> _What to produce_
Below is a set of records; reproduce them exactly without their pictures.
======== Dataset excerpts
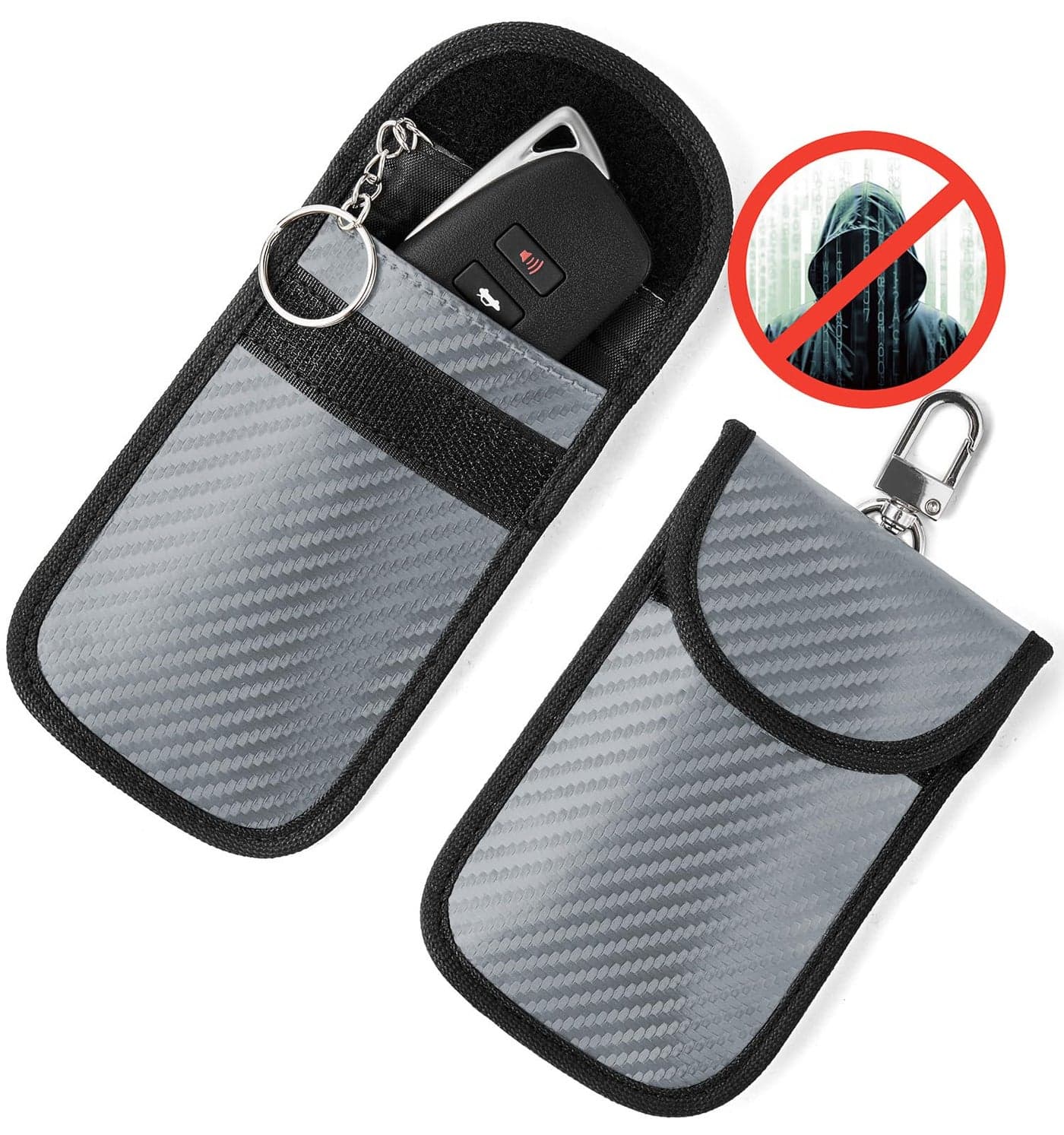 Vammcht Upgraded Faraday Bag for Key Fob (2 Pack), Premium Faraday Key Fob Protector– Car RFID Signal Blocking, Car Security Protection, Anti-Theft Pouch, Anti-Hacking Case Blocker Grey
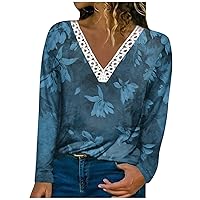 Workout Tops for Women Lace V Neck Oversized Tshirts Floral Print Lightweight Work Blouses Long Sleeves Sweater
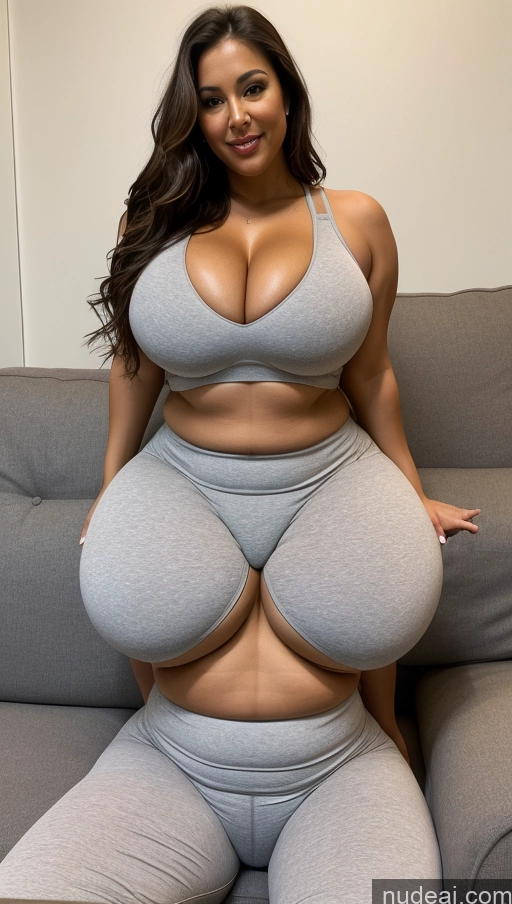 ai nude image of araffe woman in a gray bra top and grey pants sitting on a couch pics of Huge Boobs Big Ass Thick Chubby Big Hips Pubic Hair Tanned Skin Oiled Body 40s Seductive Brunette Long Hair Asian Front View Bright Lighting Detailed Couch Cleavage Eating Yoga Pants Sports Bra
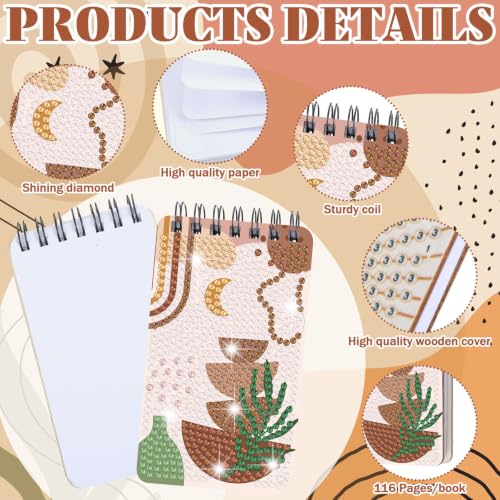 Fuyoooo 12 Pcs Boho Diamond Art Notebook Kits for Adults, 4.72 x 2.83 Inch | Boho Diamond Art Notebook, Rustic DIY Cover Notebook Diamond Painting for Beginners, 5d Journal Art Notepad Accessories - style: Boho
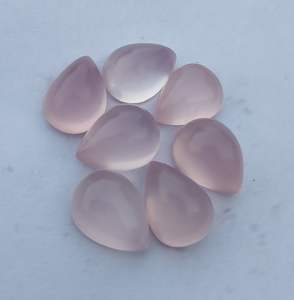 100% Natural blanco rosa cuarzo lágrima forma de pera cabujón 3A + CALIDAD parte posterior plana calibrado Rosa piedras preciosas sueltas para joyería - Product Image 5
================
> _Exercise response_
 Vammcht Upgraded Faraday Bag for Key Fob (2 Pack), Premium Faraday Key Fob Protector– Car RFID Signal Blocking, Car Security Protection, Anti-Theft Pouch, Anti-Hacking Case Blocker Grey
 Workout Tops for Women Lace V Neck Oversized Tshirts Floral Print Lightweight Work Blouses Long Sleeves Sweater
 ai nude image of araffe woman in a gray bra top and grey pants sitting on a couch pics of Huge Boobs Big Ass Thick Chubby Big Hips Pubic Hair Tanned Skin Oiled Body 40s Seductive Brunette Long Hair Asian Front View Bright Lighting Detailed Couch Cleavage Eating Yoga Pants Sports Bra
 Fuyoooo 12 Pcs Boho Diamond Art Notebook Kits for Adults, 4.72 x 2.83 Inch | Boho Diamond Art Notebook, Rustic DIY Cover Notebook Diamond Painting for Beginners, 5d Journal Art Notepad Accessories - style: Boho
 100% Natural blanco rosa cuarzo lágrima forma de pera cabujón 3A + CALIDAD parte posterior plana calibrado Rosa piedras preciosas sueltas para joyería - Product Image 5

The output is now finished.